Les secteurs de l’économie portent en général le nom de ce qu’ils produisent. On parle d’industries automobile, textile, agroalimentaire, de l’hôtellerie… Le secteur du luxe est en ce sens singulier, puisque son nom ne donne pas d’indication sur ce qu’est le produit. Ce peut être une automobile, un vêtement, un produit de bouche ou une prestation hôtelière, entre autres. Le nom informe seulement sur une de ses caractéristiques : il est « luxueux ».
Où commence le luxe ?
Si le luxe est un concept très subjectif, les produits de luxe ont tous deux points communs. Ils ont, bien sûr, de la valeur. Ce qui n’a pas de valeur n’est pas luxueux. Cependant, la valeur ne suffit pas. Le nécessaire, l’indispensable, le strict utilitaire, ont indéniablement de la valeur. Mais ce n’est pas un luxe. Pour être luxueux, le produit doit transcender la simple fonction. Il peut, bien sûr, être utile. Mais il doit aussi être beau, qualitatif, précieux, désirable, aspirationnel… et éventuellement tout cela à la fois. En tout cas, sa valeur doit dépasser celle de sa stricte utilité pratique. En d’autres termes, ce qui fait les produits de luxe, c’est la part de non-nécessaire, souvent immatérielle, qui s’ajoute à leur fonction.
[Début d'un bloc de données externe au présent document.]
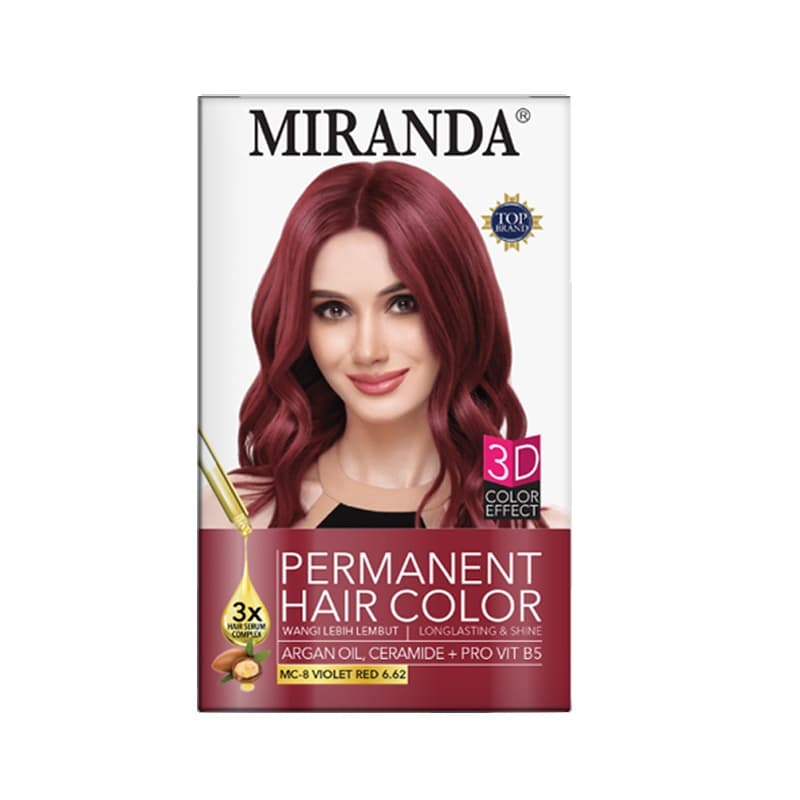 Miranda Permanent Hair Color MC-8 Violet Red 30 ml +10 ml x 2 Pcs – 1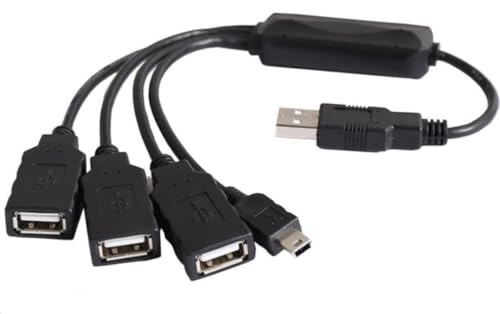 PremiumCord USB Hub 4 Port, Schwarzes Kabel, USB 2.0 High Speed, bis zu 480 Mbit/s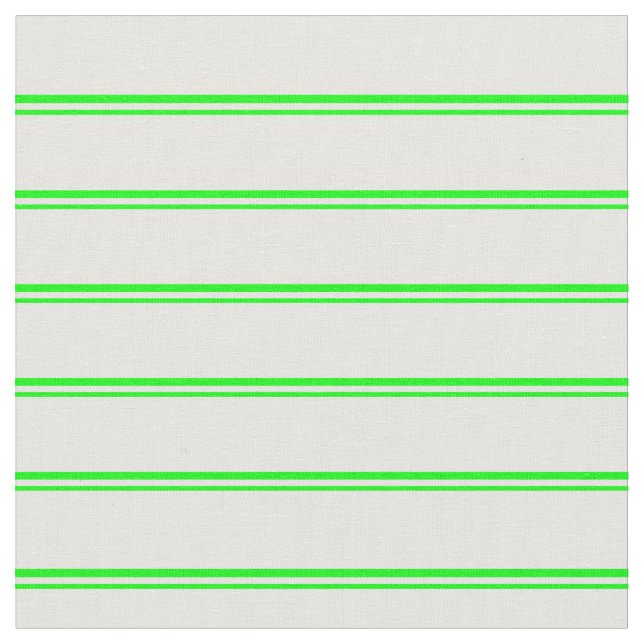 Lime and White Coloured Stripes Pattern Fabric (Close Up)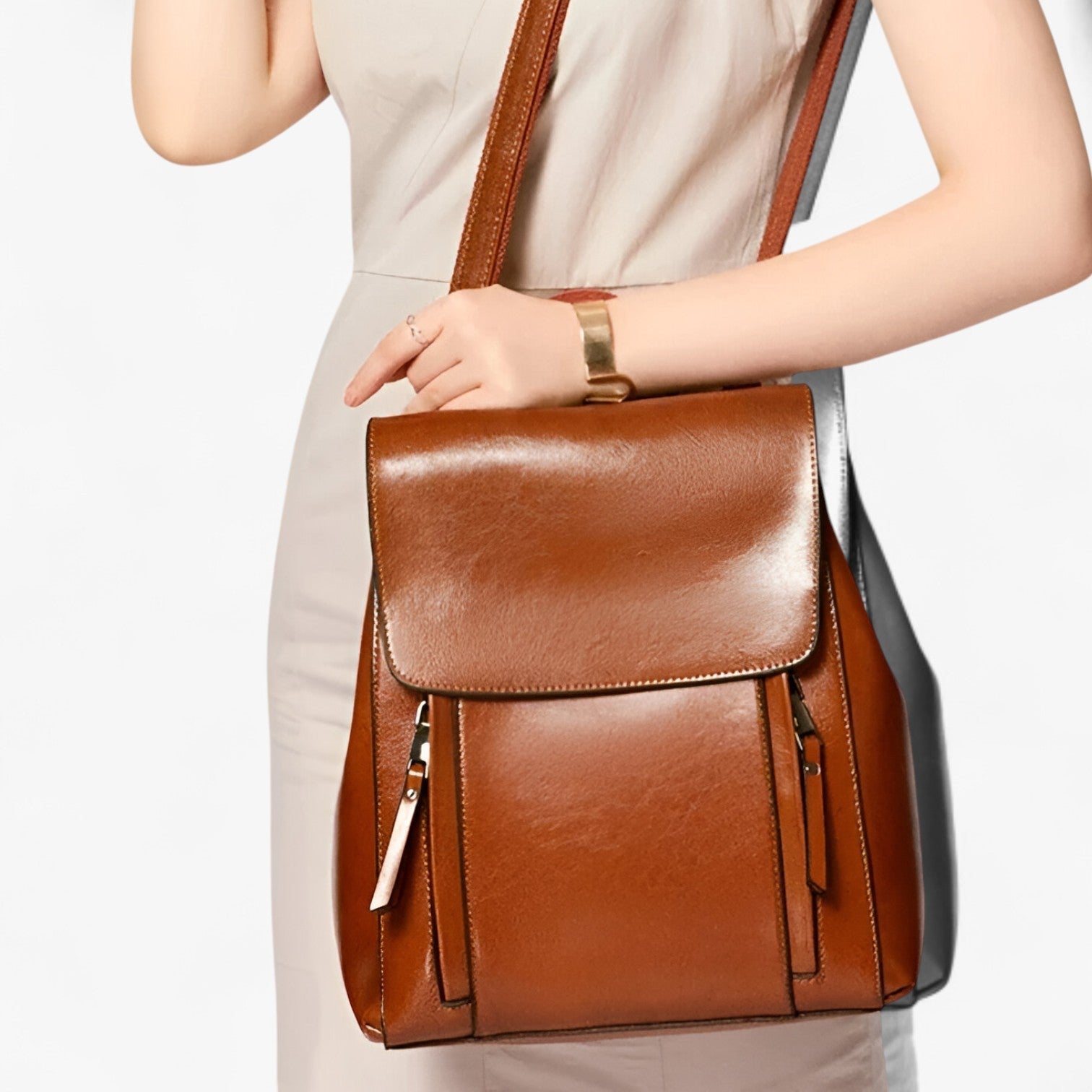 Rylee | Elegant Læderrygsæk til Skole og Arbejde - - bags - {{ product_tags }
Partant de là, il serait tentant de conclure à l’inutilité sociale, à la futilité d’une industrie qui mobilise des ressources pour produire essentiellement de l’intangible, du subjectif, du superflu. Ce serait, d’abord, nier l’indéniable valeur de ce qui n’est pas nécessaire. L’utilité de l’inutile. Qui aspire à un monde sans art, sans culture, sans savoir, sans beauté ? Mais ce serait aussi ignorer une autre contribution, très concrète et tangible, de l’industrie du luxe. Qui ne dérive pas, comme pour la plupart des autres industries, principalement des qualités et fonctions des produits qu’elle met à disposition de la société. Mais plutôt de sa capacité, en tant que système, à orchestrer un système de redistribution de richesses remarquablement efficace.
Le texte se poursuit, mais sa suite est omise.